Issue (i): Whether, after the 1999 amendment to Section 115 of the Code of Civil Procedure, 1908, the High Court can exercise revisional jurisdiction against interlocutory orders only when the impugned order, if made in favour of the applicant, would have finally disposed of the suit or other proceeding.
Analysis: The amended provision was read as a deliberate legislative restriction on revisional interference. The earlier wider ground permitting interference where an order caused failure of justice or irreparable injury was held to have been consciously removed. The Court treated the final-disposal requirement in the proviso as the controlling test for maintainability under Section 115.

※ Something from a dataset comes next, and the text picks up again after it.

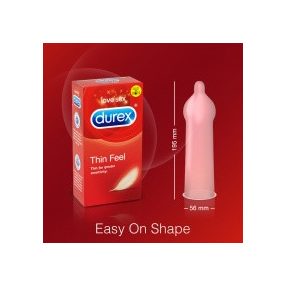 Durex Feel Thin 12 db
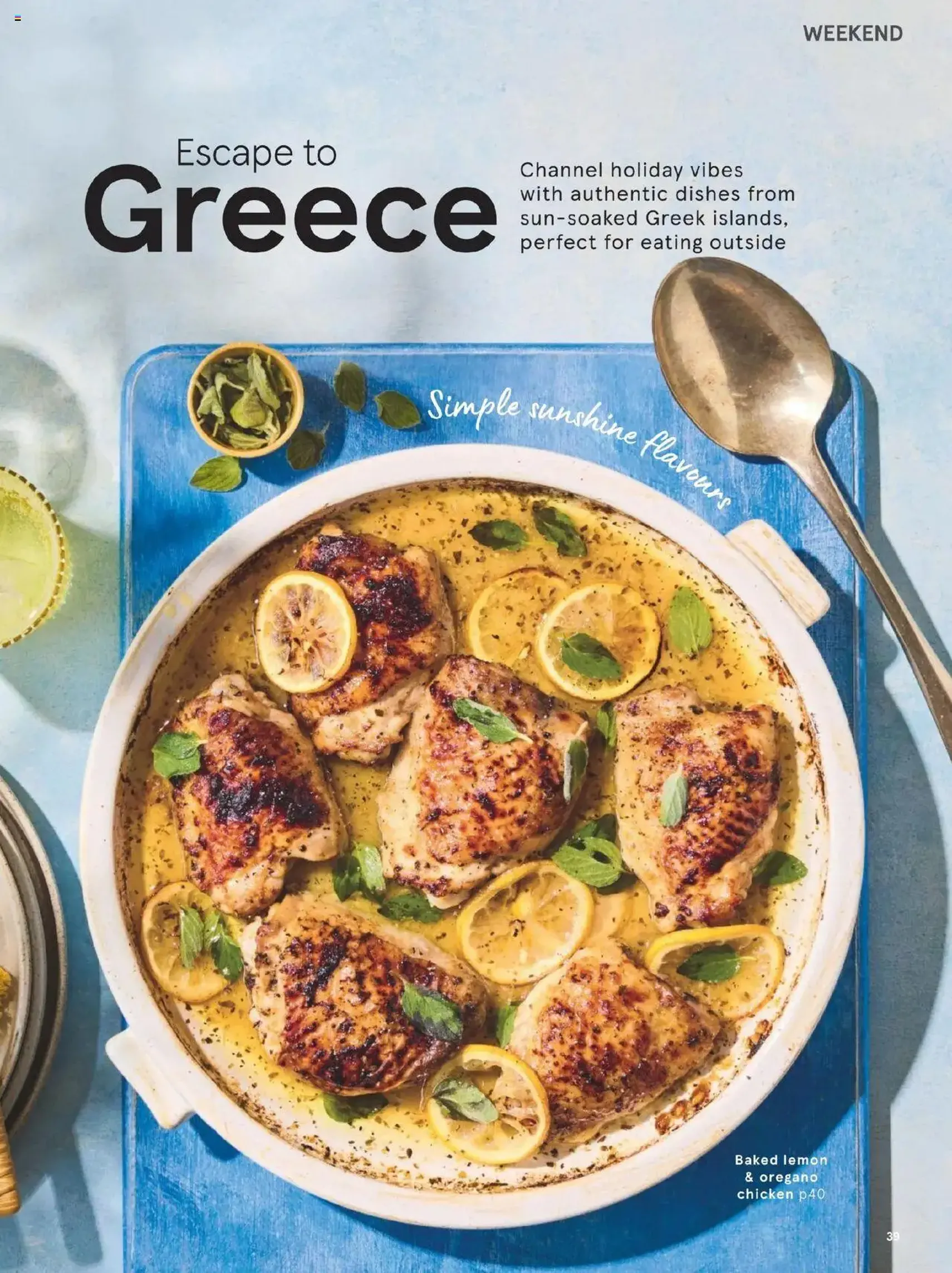 Tesco - Tesco Magazine - July/August 2025 - valid flyer from 10/07/2025, page 39 of 100 Tesco - Tesco Magazine - July/August 2025 - valid flyer from 10/07/2025, page 39 of 100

Conclusion: The revisional power under Section 115 is confined to cases where the impugned order, if favourable to the applicant, would finally dispose of the suit or other proceeding.
Issue (ii): Whether the expression "other proceeding" in the proviso includes interlocutory or supplemental proceedings in a suit.
Analysis: The expression "in the course of a suit" was held sufficient to cover interlocutory orders passed in a suit, subject to the proviso. The phrase "other proceeding" was construed to mean proceedings distinct from a suit and not to enlarge revisional jurisdiction so as to defeat the amendment.
Conclusion: The expression "other proceeding" does not include interlocutory or supplemental proceedings in a suit.
Issue (iii): Whether the High Court can bypass the amended proviso by invoking inherent powers.
Analysis: The Court held that inherent powers cannot be used to nullify an express statutory restriction. Where the legislature has imposed a clear limitation on revisional jurisdiction, the Court cannot resort to inherent power to overcome that bar.
Conclusion: The amended proviso cannot be ignored by invoking inherent powers.
Issue (iv): Whether a revision under Section 115 could be converted into a petition under Article 227 of the Constitution of India.
Analysis: The Court accepted that the forum and remedy are before the same High Court and that, in an appropriate case, conversion may be permitted in the interest of justice. The request for conversion was therefore allowed.
Conclusion: Conversion from Section 115 revision to a petition under Article 227 was permitted.
Final Conclusion: The revision was held to be not maintainable under Section 115 as framed, but the applicant was granted leave to proceed under Article 227, so the matter continued in the converted form.
Ratio Decidendi: After the 1999 amendment, revisional jurisdiction under Section 115 of the Code of Civil Procedure survives only where the impugned order, if made in favour of the applicant, would finally dispose of the suit or other proceeding, and the proviso cannot be circumvented by invoking inherent powers.